- Activity -
Below are records; how many of their lines contain "Shirt"? Answer with only the number.

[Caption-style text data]
⟨

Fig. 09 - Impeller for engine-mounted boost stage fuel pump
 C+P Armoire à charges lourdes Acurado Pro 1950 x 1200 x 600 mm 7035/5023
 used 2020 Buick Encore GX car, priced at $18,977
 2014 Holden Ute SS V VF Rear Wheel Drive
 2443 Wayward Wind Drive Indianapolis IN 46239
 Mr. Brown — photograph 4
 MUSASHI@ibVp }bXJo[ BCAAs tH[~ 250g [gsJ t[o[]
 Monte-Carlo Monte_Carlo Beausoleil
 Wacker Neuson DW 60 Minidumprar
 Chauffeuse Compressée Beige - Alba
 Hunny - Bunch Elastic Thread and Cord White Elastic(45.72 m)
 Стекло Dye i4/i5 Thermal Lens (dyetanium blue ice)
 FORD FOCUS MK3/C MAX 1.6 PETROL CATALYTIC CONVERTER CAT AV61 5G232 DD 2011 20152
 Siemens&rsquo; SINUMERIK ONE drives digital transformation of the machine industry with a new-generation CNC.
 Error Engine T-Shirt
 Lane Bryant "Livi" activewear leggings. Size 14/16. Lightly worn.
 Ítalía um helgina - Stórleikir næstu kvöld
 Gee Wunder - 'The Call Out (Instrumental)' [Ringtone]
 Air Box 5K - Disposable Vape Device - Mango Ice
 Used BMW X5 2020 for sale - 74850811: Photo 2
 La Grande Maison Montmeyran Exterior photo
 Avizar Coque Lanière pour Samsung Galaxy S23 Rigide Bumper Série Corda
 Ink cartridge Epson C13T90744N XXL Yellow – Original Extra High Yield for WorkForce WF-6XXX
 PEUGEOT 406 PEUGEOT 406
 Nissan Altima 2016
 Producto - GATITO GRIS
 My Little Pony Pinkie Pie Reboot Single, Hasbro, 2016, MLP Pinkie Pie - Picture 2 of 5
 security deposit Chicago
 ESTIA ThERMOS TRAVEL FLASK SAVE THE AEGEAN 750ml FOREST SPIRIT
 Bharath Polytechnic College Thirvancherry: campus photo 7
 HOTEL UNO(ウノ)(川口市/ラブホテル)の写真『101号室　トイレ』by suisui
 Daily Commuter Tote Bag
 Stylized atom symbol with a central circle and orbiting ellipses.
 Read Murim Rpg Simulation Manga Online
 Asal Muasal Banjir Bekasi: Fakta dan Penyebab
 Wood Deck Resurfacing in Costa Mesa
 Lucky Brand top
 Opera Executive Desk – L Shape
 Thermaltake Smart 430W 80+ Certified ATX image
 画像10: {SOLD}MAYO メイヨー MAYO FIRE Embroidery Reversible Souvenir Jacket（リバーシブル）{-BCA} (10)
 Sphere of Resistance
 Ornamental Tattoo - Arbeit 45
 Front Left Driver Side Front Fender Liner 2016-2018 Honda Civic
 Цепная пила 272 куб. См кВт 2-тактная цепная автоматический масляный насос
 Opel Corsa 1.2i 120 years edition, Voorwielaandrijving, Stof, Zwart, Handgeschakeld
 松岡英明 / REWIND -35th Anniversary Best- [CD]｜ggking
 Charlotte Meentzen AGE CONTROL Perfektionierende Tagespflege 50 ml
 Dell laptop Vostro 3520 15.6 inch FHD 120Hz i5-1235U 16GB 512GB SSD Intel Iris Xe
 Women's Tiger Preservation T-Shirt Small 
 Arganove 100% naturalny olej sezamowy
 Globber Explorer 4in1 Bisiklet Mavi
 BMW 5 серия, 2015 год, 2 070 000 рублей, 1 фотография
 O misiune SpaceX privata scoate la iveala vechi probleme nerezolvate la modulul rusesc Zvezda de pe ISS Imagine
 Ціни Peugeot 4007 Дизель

⟩

- Output for this task -
2